Even though we don't celebrate, it doesn't mean I can't play around with green food. That is, food, for which green would not be the normal colour choice. I have wanted to make red velvet cakes forever and a day. I just have never gotten around to it. In fact I have thrown out a few past their due date cartons of buttermilk, just because my good intentions haven't come to fruition.
Therefore in my typical style, why not mess with a recipe that I am yet to even try? This time with buttermilk purchased I was on a mission. Green velvet cakes were born to get into the St Patrick's Day spirit.
They are basically the same as red velvet cakes, except obviously green food colouring is used instead of red. The only other slight change I made was I used green tea powder instead of cocoa, which is used in traditional red velvet recipes.
I decided to use green tea powder to keep the cakes as true a green as possible. Reflecting back, I think you could get away with using cocoa and still end up with lovely green cake. The green tea flavour does get lost, so save your matcha for more delicate dishes which will make the flavour shine.

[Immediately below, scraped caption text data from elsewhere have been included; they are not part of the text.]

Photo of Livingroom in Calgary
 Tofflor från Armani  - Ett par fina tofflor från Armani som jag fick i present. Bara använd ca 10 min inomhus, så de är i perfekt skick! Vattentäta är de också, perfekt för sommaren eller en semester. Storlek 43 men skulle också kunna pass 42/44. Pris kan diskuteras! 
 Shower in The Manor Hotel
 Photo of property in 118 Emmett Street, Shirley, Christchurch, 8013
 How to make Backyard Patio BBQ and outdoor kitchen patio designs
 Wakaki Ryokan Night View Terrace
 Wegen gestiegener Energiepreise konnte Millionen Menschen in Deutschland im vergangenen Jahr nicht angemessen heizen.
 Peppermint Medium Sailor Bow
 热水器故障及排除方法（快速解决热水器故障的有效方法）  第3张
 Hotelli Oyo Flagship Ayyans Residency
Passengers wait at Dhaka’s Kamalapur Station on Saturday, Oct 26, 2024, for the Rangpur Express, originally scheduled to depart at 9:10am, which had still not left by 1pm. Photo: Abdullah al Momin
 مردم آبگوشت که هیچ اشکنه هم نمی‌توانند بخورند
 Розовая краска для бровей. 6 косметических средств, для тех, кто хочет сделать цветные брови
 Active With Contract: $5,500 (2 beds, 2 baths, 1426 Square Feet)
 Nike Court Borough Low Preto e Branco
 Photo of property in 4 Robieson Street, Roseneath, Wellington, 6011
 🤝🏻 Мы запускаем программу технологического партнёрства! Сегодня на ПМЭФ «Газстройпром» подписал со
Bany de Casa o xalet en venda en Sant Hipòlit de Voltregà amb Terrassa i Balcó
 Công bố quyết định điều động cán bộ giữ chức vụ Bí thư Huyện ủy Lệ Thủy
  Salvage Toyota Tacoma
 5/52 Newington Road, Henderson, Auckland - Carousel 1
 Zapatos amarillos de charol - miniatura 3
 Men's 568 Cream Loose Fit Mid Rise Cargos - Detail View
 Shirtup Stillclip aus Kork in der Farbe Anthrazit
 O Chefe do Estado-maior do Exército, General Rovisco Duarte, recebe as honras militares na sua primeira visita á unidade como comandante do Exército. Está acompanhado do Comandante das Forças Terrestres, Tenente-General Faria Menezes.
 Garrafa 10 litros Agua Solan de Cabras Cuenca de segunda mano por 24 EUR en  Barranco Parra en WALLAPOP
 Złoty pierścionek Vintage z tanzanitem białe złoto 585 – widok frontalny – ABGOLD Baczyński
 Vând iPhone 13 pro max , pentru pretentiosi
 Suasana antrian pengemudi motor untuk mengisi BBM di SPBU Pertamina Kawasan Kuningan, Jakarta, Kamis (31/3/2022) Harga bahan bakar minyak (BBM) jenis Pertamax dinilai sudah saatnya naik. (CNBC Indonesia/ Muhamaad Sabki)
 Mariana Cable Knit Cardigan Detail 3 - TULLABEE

St Patrick's Day Green Velvet Cakes
- 250 grams plain flour
- 8 teaspoons (2 Tablespoons) green tea powder
- 2 teaspoons baking powder
- 100 grams butter softened
- 200 grams caster sugar
- 4 teaspoon (1 Tablespoon) green food colouring
- 2 teaspoons vanilla extract
- 2 eggs
- 175 ml buttermilk
- 1 teaspoon cider vinegar
- 300 grams icing sugar sifted
- 125 grams cream cheese softened
- 125 grams butter softened
- 1 teaspoon cider vinegar
- green sparkles or sprinkles to decorate
- Preheat oven 170 degrees C and line muffin tins with papers.
- In a medium bowl combine flour, green tea powder and baking powder.
- In a large bowl cream butter and sugar until soft and pale, then beat in food colouring and vanilla.
- The mixture will be a vivid green. Beat in a spoonful of dry ingredients and then one egg. Add some more dry ingredients and then another egg. Then beat in the remainder of the dry ingredients.
- Beat in buttermilk and vinegar.
- Distribute batter between 18 lined muffin tins. Cook for around 20 minutes, test with skewer to see if it comes out clean. These cakes won't go brown, or at least they shouldn't.
- For the icing beat icing sugar, cream cheese, butter and vinegar in a large bowl until smooth.
- Once cakes are cool, cover with icing and decorate.
All measurements are Australian metric standard. All measures are level, and cups are lightly packed unless specified. 1 teaspoon = 5ml / 1 tablespoon = 20mls / 1 cup = 250ml /4 teaspoons = 1 tablespoon.
The recipe's nutritional information is an approximation based on an online calculator. It is meant solely for reference purposes. If you're looking for precise details, be sure to double-check with your own research.
Do tell dear Belly Rumbles' reader, do you celebrate on St Patrick's Day?